• INSTRUCTIONS TO FOLLOW:
Quote the whole listing word for word. Do not include the pictures.

• DATA EXCERPT:

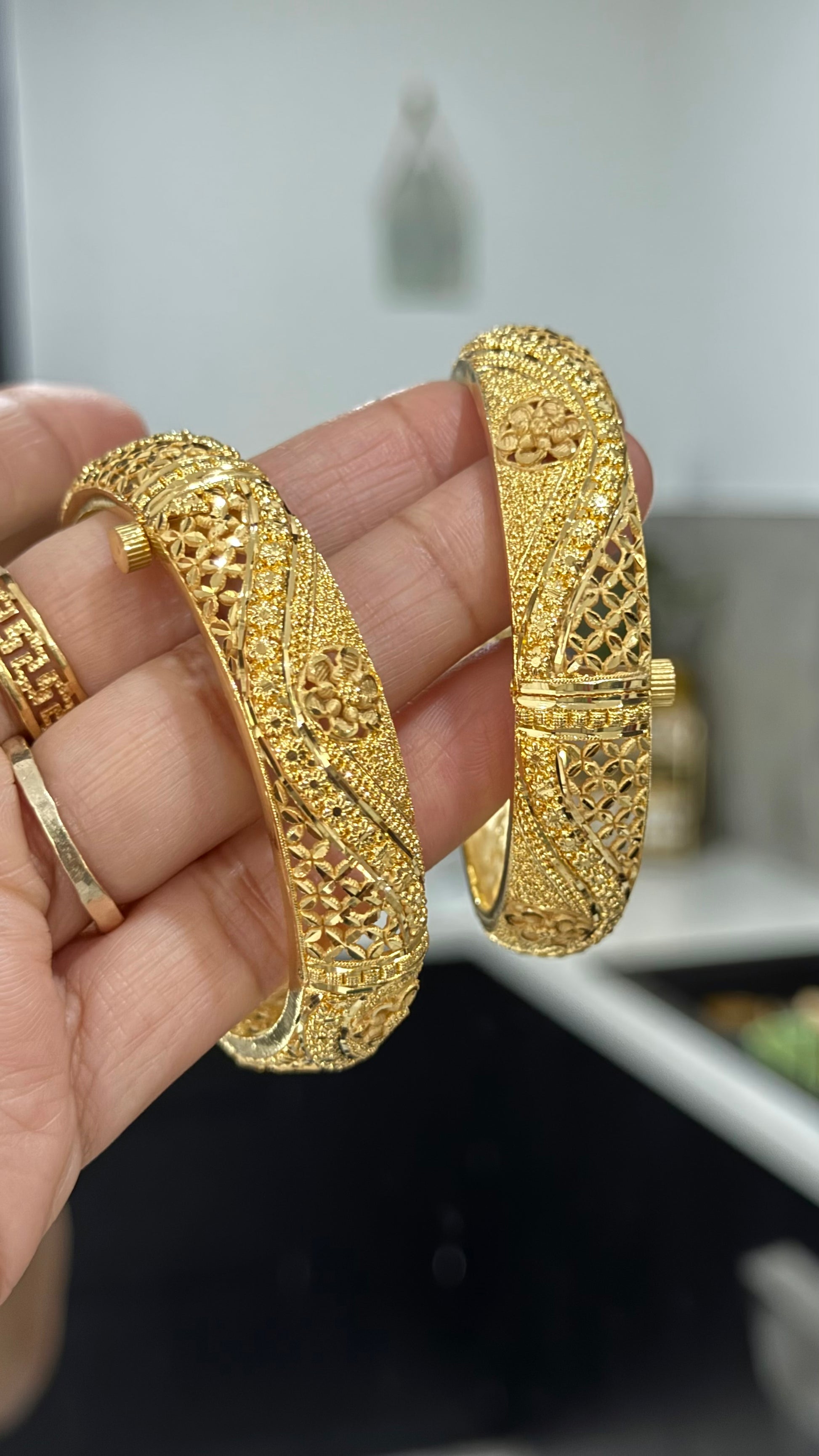 Traditional Gold Plated Kangan Indian Bangle for Weddings and Festivals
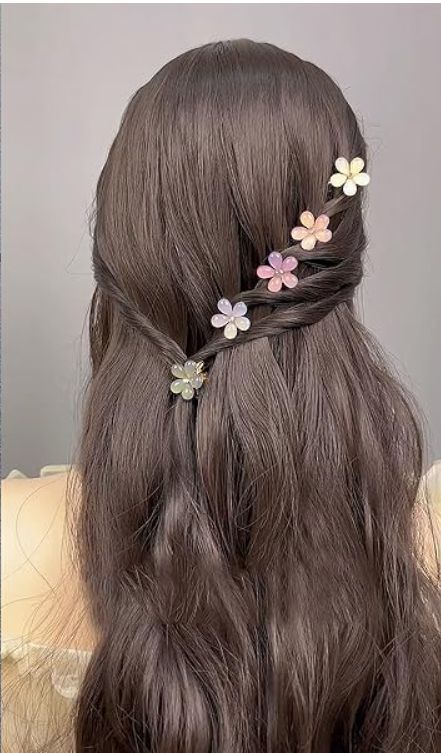 Cute Mini Clip Hairstyles, Small Flower Hair Clips Hairstyle, Tiny Flower Clips Hairstyles, Floral Claw Clip, Cute Hairstyles With Mini Clips, Small Flower Clips Hairstyles, Hair Ideas With Clips, Hairstyles With Small Clips, Mallory Aesthetic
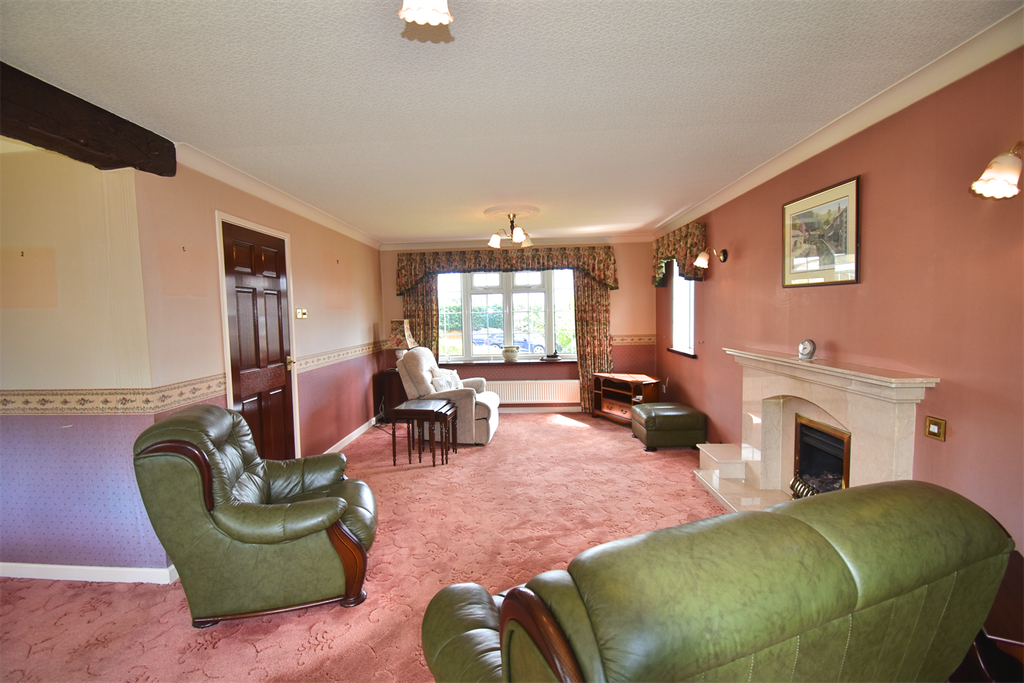 Property photo 3 of 19 Sitting / Dining Room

• RESULT FOR THIS EXERCISE:
 Traditional Gold Plated Kangan Indian Bangle for Weddings and Festivals
 Cute Mini Clip Hairstyles, Small Flower Hair Clips Hairstyle, Tiny Flower Clips Hairstyles, Floral Claw Clip, Cute Hairstyles With Mini Clips, Small Flower Clips Hairstyles, Hair Ideas With Clips, Hairstyles With Small Clips, Mallory Aesthetic
 Property photo 3 of 19 Sitting / Dining Room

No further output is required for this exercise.